The modules in utilities/ are the shared plumbing behind the MTV API test suite. They create and track MTV/OpenShift resources, prepare providers, manage virtctl, open SSH sessions to migrated VMs, collect diagnostics, and run the post-migration checks that most tests depend on.

Most users do not call every helper directly. In practice, you reach them through fixtures in conftest.py, especially target_namespace, source_provider, prepared_plan, virtctl_binary, vm_ssh_connections, and cleanup_migrated_vms.

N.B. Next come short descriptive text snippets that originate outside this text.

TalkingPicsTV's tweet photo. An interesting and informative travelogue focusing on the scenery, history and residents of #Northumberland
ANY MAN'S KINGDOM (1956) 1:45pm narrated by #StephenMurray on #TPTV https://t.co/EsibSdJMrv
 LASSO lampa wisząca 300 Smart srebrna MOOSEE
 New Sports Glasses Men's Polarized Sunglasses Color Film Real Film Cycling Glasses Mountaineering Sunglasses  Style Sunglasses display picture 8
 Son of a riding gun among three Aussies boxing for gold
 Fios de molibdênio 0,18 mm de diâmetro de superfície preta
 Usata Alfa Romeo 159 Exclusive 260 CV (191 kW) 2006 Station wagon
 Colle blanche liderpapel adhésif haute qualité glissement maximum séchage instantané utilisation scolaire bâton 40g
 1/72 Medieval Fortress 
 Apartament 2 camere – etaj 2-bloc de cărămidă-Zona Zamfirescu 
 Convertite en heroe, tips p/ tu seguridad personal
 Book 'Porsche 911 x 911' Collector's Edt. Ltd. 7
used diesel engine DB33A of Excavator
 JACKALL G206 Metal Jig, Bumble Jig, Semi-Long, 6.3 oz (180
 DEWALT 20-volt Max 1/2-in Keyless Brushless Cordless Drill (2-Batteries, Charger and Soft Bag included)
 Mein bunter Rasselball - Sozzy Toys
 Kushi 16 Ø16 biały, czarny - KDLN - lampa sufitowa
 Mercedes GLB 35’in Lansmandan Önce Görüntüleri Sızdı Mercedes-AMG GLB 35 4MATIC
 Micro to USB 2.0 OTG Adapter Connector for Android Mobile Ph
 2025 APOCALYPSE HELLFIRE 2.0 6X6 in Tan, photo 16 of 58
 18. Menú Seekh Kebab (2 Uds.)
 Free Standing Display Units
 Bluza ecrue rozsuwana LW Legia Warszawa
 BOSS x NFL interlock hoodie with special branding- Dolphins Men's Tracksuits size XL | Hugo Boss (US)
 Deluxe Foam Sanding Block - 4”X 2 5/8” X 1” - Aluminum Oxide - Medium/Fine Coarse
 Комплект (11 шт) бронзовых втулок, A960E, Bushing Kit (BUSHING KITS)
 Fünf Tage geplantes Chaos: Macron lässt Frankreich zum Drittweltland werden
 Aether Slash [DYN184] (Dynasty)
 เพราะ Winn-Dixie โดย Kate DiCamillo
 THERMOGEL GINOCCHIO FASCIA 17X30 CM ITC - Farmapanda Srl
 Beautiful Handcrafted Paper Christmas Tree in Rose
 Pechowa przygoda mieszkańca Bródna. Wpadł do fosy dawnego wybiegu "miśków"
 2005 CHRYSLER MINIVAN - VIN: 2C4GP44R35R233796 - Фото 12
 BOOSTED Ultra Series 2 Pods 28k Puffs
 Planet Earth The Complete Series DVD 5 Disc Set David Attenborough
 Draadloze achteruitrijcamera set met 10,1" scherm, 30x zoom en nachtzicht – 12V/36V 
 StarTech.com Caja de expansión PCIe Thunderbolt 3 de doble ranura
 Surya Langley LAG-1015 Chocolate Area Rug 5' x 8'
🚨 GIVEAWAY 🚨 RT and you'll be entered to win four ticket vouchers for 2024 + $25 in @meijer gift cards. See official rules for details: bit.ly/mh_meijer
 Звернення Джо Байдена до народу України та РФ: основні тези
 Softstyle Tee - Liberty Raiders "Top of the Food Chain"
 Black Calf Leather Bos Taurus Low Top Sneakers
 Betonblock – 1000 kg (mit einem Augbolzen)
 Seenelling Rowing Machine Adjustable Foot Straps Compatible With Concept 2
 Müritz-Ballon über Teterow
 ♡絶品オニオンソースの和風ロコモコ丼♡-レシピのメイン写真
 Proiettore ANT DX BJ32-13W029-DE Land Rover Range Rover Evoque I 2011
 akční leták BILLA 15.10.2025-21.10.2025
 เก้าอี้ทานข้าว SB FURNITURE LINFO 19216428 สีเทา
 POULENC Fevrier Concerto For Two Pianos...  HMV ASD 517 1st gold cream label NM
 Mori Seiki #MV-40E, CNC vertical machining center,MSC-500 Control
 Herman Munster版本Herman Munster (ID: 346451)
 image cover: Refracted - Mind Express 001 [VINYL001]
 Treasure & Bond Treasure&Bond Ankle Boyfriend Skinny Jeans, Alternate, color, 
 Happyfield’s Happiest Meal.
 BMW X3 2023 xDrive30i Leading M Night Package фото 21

Note: These modules are designed for live OpenShift and MTV environments. Repository automation only validates collection and setup: tox.toml runs uv run pytest --setup-plan and uv run pytest --collect-only, and the container image defaults to uv run pytest --collect-only.

At a Glance

Module What it handles Main entry points
utilities.utils cluster client setup, provider loading, provider CR creation get_cluster_client(), load_source_providers(), create_source_provider()
utilities.resources tracked creation of OpenShift and MTV resources create_and_store_resource(), get_or_create_namespace()
utilities.mtv_migration storage maps, network maps, plans, migrations get_storage_migration_map(), get_network_migration_map(), create_plan_resource(), execute_migration()
utilities.virtctl getting the right virtctl binary onto the test host download_virtctl_from_cluster(), add_to_path()
utilities.ssh_utils SSH access to migrated VMs over virtctl port-forward VMSSHConnection, SSHConnectionManager
utilities.post_migration end-to-end validation of migrated VMs check_vms() and the focused check_* helpers
utilities.hooks hook creation and hook-failure validation create_hook_if_configured(), validate_hook_failure_and_check_vms()
utilities.must_gather targeted MTV must-gather collection run_must_gather()
utilities.pytest_utils failure-time data collection and session cleanup collect_created_resources(), session_teardown()
utilities.migration_utils cancel/archive flows and storage cleanup cancel_migration(), archive_plan(), check_dv_pvc_pv_deleted()

Core Setup

utilities.utils

utilities.utils is where the suite turns configuration into live connections. load_source_providers() reads .providers.json, get_cluster_client() builds the OpenShift DynamicClient, and get_value_from_py_config() converts string booleans such as "true" and "false" into real Python booleans so the rest of the code can treat settings consistently.

This is also the module that creates source-side provider resources. create_source_provider() handles the provider-specific differences for VMware, RHV, OpenStack, OVA, and OpenShift, including creating the right Secret and Provider CRs, fetching CA certificates when SSL verification is enabled, and passing copy-offload settings through when present.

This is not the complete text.